A former Upper Eden woman who moved to Uruguay when she married in 1966 has died at her home in Montevideo.
Ruth Watson Frisch was born on January 15, 1940, and was the youngest of four children born to George and Elizabeth Watson of Ivy Hall, Raisbeck.
She was born albino, which meant her eyesight was poor and as a very young child she had to wear strong glasses.
This in no way stopped her joining in all the activities that country children enjoyed at that time. She always had a wicked sense of humour which she kept all her life.
Ruth attended Kirkby Stephen Grammar School as a boarder and the tales she told of life there were the stuff of a Dickensian novel.
She did well at school, sitting in the front seat so that at the end of the lesson she could go up to the blackboard to see what the teacher had written on it.
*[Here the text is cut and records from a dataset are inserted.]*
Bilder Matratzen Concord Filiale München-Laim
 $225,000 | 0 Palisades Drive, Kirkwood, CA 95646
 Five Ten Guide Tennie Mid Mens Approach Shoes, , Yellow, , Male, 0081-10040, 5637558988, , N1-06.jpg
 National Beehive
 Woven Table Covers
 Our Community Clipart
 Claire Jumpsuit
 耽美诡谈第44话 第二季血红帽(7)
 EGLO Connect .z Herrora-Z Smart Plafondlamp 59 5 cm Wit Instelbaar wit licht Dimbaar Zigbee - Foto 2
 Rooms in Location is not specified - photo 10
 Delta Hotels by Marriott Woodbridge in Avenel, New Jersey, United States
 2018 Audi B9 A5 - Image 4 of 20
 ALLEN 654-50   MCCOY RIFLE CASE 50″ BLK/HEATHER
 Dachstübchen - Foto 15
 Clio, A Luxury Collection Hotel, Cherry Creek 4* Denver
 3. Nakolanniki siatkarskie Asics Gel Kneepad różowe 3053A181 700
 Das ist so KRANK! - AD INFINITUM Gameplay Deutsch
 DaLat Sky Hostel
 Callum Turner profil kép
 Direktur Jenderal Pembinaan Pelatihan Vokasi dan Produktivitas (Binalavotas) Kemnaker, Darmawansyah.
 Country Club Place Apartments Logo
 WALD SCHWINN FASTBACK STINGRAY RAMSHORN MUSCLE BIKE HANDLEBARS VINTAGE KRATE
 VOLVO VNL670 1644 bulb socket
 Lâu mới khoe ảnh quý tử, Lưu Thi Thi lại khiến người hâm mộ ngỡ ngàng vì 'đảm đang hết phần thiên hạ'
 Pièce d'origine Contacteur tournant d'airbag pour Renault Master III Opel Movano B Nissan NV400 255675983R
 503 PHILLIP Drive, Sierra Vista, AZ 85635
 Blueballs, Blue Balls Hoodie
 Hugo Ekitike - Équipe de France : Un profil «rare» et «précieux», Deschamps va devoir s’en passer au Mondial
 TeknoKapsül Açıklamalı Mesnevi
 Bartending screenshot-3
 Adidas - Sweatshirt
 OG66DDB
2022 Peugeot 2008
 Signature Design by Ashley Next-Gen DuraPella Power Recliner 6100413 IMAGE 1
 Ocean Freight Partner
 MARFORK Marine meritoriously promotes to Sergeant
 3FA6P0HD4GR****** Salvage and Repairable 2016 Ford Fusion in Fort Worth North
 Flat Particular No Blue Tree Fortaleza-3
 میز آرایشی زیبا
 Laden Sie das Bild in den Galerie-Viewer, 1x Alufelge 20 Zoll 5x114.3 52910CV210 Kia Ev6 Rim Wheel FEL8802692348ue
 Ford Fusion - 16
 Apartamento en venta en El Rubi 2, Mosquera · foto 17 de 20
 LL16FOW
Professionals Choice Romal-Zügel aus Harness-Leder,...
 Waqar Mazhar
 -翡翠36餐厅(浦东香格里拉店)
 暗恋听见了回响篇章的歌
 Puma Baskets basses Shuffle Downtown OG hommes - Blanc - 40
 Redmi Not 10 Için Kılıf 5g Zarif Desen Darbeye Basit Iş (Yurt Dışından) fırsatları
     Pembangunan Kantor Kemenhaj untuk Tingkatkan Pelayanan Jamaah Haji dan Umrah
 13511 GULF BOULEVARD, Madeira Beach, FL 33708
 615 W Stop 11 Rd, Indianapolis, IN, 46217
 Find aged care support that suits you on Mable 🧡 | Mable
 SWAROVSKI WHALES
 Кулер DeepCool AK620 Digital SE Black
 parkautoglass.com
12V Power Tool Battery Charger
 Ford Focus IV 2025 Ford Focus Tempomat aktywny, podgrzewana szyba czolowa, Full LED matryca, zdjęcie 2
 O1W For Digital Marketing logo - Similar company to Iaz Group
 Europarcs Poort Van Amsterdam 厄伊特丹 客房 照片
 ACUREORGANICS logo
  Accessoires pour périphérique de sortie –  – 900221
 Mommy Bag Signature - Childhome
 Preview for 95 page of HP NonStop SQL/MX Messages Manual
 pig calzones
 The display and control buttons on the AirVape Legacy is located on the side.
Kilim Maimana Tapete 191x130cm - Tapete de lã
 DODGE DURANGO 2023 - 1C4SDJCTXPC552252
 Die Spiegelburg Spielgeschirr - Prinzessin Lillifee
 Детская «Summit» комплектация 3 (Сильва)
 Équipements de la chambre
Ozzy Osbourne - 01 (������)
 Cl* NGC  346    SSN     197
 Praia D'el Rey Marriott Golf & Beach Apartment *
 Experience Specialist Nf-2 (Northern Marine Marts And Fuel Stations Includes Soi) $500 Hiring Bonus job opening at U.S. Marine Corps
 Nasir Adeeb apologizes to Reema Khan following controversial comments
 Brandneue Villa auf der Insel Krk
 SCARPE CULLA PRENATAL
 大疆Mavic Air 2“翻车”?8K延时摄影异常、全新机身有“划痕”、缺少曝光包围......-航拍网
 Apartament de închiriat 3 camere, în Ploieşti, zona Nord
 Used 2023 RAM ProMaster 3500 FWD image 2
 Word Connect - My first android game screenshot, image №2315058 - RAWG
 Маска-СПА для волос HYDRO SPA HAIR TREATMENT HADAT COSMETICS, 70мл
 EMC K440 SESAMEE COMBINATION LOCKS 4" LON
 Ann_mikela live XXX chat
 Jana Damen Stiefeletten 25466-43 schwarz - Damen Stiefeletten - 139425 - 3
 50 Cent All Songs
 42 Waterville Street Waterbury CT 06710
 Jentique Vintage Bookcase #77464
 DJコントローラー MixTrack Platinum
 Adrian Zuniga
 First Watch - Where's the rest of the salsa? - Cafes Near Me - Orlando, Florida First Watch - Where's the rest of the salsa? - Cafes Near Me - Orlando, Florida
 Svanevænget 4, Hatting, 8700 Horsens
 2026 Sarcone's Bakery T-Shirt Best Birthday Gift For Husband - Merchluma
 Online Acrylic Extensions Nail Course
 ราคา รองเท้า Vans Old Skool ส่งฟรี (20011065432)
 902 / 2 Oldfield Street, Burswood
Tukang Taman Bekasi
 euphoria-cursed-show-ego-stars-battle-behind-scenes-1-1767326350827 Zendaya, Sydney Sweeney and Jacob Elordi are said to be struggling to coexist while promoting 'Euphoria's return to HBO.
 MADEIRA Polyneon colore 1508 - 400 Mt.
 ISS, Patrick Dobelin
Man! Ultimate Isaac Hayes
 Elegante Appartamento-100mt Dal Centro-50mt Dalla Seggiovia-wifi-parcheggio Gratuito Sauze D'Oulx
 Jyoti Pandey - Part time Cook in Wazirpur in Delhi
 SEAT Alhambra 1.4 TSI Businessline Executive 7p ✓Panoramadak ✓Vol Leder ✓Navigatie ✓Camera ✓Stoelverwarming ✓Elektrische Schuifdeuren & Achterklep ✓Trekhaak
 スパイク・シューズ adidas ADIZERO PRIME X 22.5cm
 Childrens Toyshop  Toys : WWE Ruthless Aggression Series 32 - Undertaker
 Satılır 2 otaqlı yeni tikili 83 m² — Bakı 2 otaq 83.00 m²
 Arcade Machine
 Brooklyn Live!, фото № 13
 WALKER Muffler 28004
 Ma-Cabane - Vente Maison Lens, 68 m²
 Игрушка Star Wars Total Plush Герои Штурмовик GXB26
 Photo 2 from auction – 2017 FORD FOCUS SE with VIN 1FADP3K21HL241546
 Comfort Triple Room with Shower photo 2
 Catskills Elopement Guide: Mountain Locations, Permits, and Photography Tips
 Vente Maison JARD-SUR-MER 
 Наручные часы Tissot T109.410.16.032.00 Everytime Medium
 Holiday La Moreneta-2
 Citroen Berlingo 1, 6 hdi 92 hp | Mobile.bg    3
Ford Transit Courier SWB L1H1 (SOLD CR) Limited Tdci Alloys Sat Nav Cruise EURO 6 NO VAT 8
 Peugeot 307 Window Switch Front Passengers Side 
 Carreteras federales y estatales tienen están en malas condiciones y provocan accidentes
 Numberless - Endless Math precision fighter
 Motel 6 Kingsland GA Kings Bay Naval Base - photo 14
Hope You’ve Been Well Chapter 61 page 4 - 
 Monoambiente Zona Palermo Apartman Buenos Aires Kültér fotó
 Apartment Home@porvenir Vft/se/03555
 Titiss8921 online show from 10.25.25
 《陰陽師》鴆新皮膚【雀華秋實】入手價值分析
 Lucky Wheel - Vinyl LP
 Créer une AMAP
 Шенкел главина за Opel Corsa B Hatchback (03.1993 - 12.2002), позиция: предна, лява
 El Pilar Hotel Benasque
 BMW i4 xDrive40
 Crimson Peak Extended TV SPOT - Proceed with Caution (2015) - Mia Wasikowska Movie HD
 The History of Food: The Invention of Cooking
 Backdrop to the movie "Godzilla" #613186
After her A-levels, she wanted to become a teacher, but was turned down by several colleges until Canon King, who was the local Anglican clergyman and also the chairman of Westmorland Education Committee, wrote her a reference.
Portsmouth Teacher Training College immediately accepted her and so she trained to become a primary school teacher.
Ruth met the man who would become her husband, Diego Frisch – then a student at Cliff College in Derbyshire – when he visited the Watson family for new year at the beginning of 1959.
At that time no one detected any blossoming romance and later that year Diego moved on to Westhill Youth and Community Training College in Birmingham.
However, when Ruth’s father suggested she might want to get a teaching job close to home, she chose to move to Birmingham, where at a Sunday evening service at Selly Oak Methodist Church she met Diego again.
The family knew nothing of this until Diego came back to England from his native Uruguay in 1964 to ask Ruth’s father, George Watson, for his daughter’s hand in marriage.
In 1966, Ruth booked a passage on a ship from Tilbury Docks which would eventually take her to her new life in Uruguay. For a farm girl from Westmorland, Birmingham had been a big adventure, but the prospect of Uruguay was something on another scale.
Ruth later admitted that she had been scared stiff and matters were not helped by a last-minute dash to secure her visa, which literally involved a race against time to get to the Uruguayan Embassy in London the day before she sailed.
There had been no time for lengthy farewells, no speeches beyond “tara lass,” from her father, but Ruth was off to a new life and the great spirit of adventure that had always been with her, would see her through the exciting, challenging times ahead which involved learning a new language and learning to cope in a very different culture that she came to love.
Ruth and Diego were married in Buenos Aires in December 1966 and since Diego was a Methodist minister in Uruguay, they moved around a little, first to a small town in Uruguay called Serandi Grandi – where their son, Duncan, was born in 1970 and daughter, Andrea, in 1973 – then Mercedes, followed by Maldonado.
During this time, there was a period of political unrest in Uruguay and, as a result, Diego and Ruth returned to England, where Diego served as a Methodist minister in Moseley, Birmingham, from 1982 to 1989.
On returning to Uruguay, Ruth and Diego moved to Salto on the Uruguay River opposite Concordia in Argentina. Here it was that Ruth began working with autistic children. She never lost her love of educating children.
After a very active time in Salto, they moved to Montevideo where they ran a youth club and kitchens to feed young people. In Montevideo, as elsewhere, their house was always full of people coming and going. Ruth had always loved cats from being a little girl, so a cat was a regular on photographs from Montevideo.
Up until August last year, Ruth regularly went for a run to keep fit, but in September began to feel tired.
It was discovered that she was anaemic, so she was given blood transfusions, but she was diagnosed with leukaemia and did not respond to treatment.
During this time Diego was out for a walk and fell, banging his head so ended up in the same hospital as Ruth, unable to speak and, for a time, in a coma. The hospital and family cared for Ruth well and so she was able to return home for her last few days, dying with family and friends around her on March 8.
She was buried in the British Graveyard in Montevideo the next day. She leaves behind her husband Diego, son Duncan, daughter Andrea, son-in-law Andy and grandsons Fabricio, Nicholas, and Santiago.
Ruth’s spirit of adventure, love of people and cats, curiosity about the world, passion for education, and religious faith inspired many people.